My writing is primary and
my teaching has been post-secondary.
They don’t always play well together, that’s for sure. They make conflicting demands, they demand and insist, but, in the end, my writing and teaching always needed each other. And I needed them both. In the ten books I’ve written so far, and in hundreds of articles, my goal is the same goal that undergraduate writing students have: to make what matters to us matter to others, to make an audience of strangers care. We were always in it together, my students and I. You may be smart I told them, you may be smarter than I am. But I’ve been smart longer. We would share a laugh and then get back to work. Hard work.
In addition to teaching fiction writing, I offered courses in “The
American Novel Since 1950,”
my changing list of a dozen or so
novels, famous and obscure. The goal was for students to be sharp
readers, attentive to not only what a book says or means but how
it says it. I’ve also offered a single-author course, a dozen novels
by Graham Greene: a grueling journey but worth it.

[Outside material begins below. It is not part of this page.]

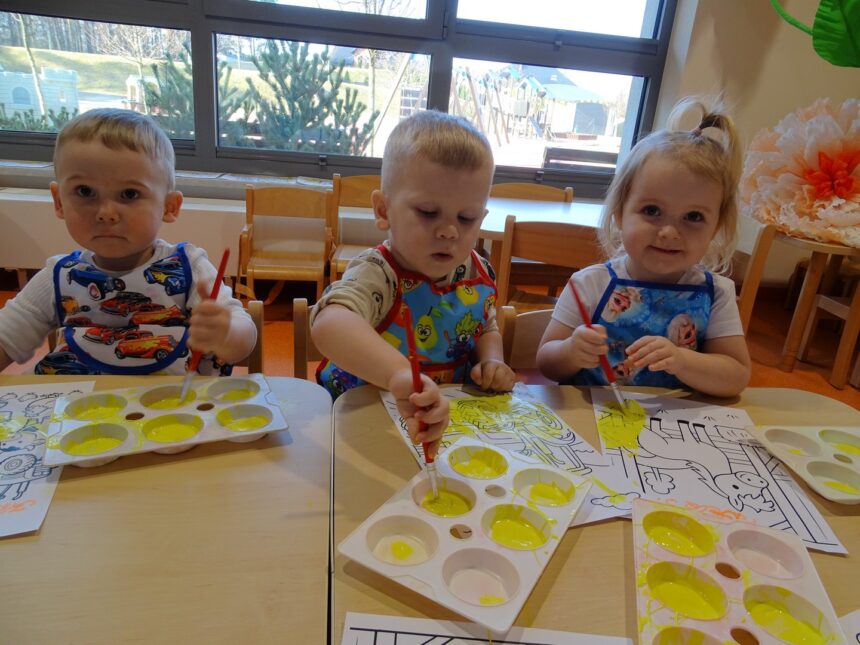 Dzieci pracują przy stolikach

Here’s a confession: I write everything in longhand first, in spiral notebooks, with lines that you write between. The lines are your friends, the empty pages are a challenge. Write every day and the pages add up. Usually, I write four or five pages a day. I stop at the bottom of the fourth (or fifth) page, even if it’s in mid-sentence. It takes about nineteen pencils or ballpoint pens to write a book. Not that you asked. But all this is foreplay. After I put down my pen, or pencil, I select one of my collection of manual typewriters. I own half a dozen such machines, proud products of long-dead companies, bearing names like Underwood, Royal, Smith-Corona. I find old typewriters–or they find me–and when I touch the keys, throw the carriage, I am the typewriter’s partner and, together, we connect with the century of writers who came before me. (And with a few of the writers who will follow, but that’s alright with me.) I love my typewriters. There’s a gent in a town fifteen miles south of where I live who can still find ribbons, replace parts, clean and oil the machines that he loves as much as I do. People keep pointing me to quicker, labor-saving devices that process words. No thanks, I tell them. I like my work the way it is. And, by the way, it comes in on time.
Writing is solitary, professing is public and social and political. But the writing also has a private, public and political occasion, as in these essays.
It came as a surprise. At the end-of-year party I give for Collegian editors and staffers, I was presented a chair in appreciation for my many years of advising a good newspaper. It's not an endowed chair, of the sort that Kenyon college awards deserving faculty members. But it means a lot to me. My thanks to the Collegian.